File system developers have told me that their designs do not account for drives miscommunicating flush/fua succeeding when it hasn't. This is like operating under nobarrier some of the time.

Overwriting file systems' metadata have fixed locations, therefore quite a lot of assumptions can be made during repair about what should be there, inferring it from metadata in other locations.

Btrfs has no fixed locations for metadata. This leads to unique flexibility, and repair difficulty. Flexible: Being able to convert between different block group profiles (single, dup, and all the raids), and run on unequal sized drives, and conversion from any file system anybody wants to write the code for - because only the per device super blocks have fixed locations. Everything else can be written anywhere else. But the repair utility can't make many assumptions. And if the story told by the metadata that is present, isn't consistent, the repair necessarily must fail.

With Btrfs the first step is read-only rescue mount, which uses backup roots to find a valid root tree, and also the ability to ignore damaged trees.
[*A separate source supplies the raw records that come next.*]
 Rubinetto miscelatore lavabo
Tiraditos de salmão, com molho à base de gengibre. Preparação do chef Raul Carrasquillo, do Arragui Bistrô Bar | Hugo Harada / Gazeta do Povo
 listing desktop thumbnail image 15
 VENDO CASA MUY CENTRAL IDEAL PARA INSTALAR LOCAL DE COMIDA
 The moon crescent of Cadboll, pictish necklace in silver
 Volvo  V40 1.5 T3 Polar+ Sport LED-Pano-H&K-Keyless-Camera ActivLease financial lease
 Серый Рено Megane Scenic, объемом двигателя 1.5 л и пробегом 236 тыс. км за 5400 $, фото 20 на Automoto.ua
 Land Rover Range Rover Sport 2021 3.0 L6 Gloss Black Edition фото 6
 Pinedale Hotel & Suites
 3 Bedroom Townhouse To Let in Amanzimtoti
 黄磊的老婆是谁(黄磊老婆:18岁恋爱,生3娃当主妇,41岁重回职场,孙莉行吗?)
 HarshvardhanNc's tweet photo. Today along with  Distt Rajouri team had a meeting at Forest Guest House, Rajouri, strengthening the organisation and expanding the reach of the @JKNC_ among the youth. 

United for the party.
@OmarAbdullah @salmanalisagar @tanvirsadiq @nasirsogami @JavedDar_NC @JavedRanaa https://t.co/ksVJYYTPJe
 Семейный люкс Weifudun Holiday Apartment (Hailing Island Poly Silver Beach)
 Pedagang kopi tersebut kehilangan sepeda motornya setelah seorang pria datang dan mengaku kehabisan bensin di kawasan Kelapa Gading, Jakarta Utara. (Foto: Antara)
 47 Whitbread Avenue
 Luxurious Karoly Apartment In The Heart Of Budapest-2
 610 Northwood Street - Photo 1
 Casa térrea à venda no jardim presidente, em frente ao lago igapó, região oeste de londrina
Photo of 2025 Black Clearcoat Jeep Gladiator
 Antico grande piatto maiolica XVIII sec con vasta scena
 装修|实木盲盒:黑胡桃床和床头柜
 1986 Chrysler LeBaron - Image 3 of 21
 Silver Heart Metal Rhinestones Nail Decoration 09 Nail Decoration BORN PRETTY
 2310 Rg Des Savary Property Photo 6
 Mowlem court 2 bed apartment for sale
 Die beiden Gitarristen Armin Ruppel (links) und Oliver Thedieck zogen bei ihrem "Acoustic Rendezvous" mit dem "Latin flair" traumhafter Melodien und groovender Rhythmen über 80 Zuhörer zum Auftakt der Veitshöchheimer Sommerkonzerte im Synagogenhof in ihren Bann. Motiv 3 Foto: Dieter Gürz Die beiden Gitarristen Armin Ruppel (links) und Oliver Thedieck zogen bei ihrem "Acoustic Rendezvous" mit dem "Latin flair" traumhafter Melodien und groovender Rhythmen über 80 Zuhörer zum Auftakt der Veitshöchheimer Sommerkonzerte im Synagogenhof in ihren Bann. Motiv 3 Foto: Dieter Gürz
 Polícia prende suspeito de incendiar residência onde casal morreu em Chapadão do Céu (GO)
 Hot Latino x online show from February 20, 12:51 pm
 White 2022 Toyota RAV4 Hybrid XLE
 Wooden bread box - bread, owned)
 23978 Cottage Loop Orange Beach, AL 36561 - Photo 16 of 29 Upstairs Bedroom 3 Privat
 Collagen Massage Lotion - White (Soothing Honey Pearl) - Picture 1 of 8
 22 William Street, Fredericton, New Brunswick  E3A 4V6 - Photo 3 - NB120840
This read-only mount is often enough to extract important data that hasn't been (recently) backed up.

Since moving to Btrfs by default in Fedora almost 10 releases ago, we haven't seen more file system problems. One problem we do see more often is evidence of memory bitflips. This makes some sense because the file system metadata isn't nearly as big a target as data. And since both metadata and data are checksummed, Btrfs is more likely to detect such issues.

phire 4 hours ago | parent [-]

To be clear, I'm not expecting btrfs (or any filesystem) to avoid corrupt itself on unreliable hardware. I'm not expecting it to magically avoid unavoidable data loss.

All I want is an fsck that I can trust.

I love that btrfs will actually alert me to bad hardware. But then I expect to be able to replace the hardware and run fsck (or scrub, or whatever) and get back to the best-case healthy state with minimal fuss. And by "healthy" I don't mean ready for me to extract data from, I mean ready for me to mount and continue using.

In my case, I had zero corrupted metadata, and a second copy of all data. fsck/scrub should have been able to fix everything with zero interaction.

If files/metadata are corrupted, fsck/scrub should provide tooling for how to deal with them. Delete them? Restore them anyway? Manual intervention? IMO, failure is not a valid option.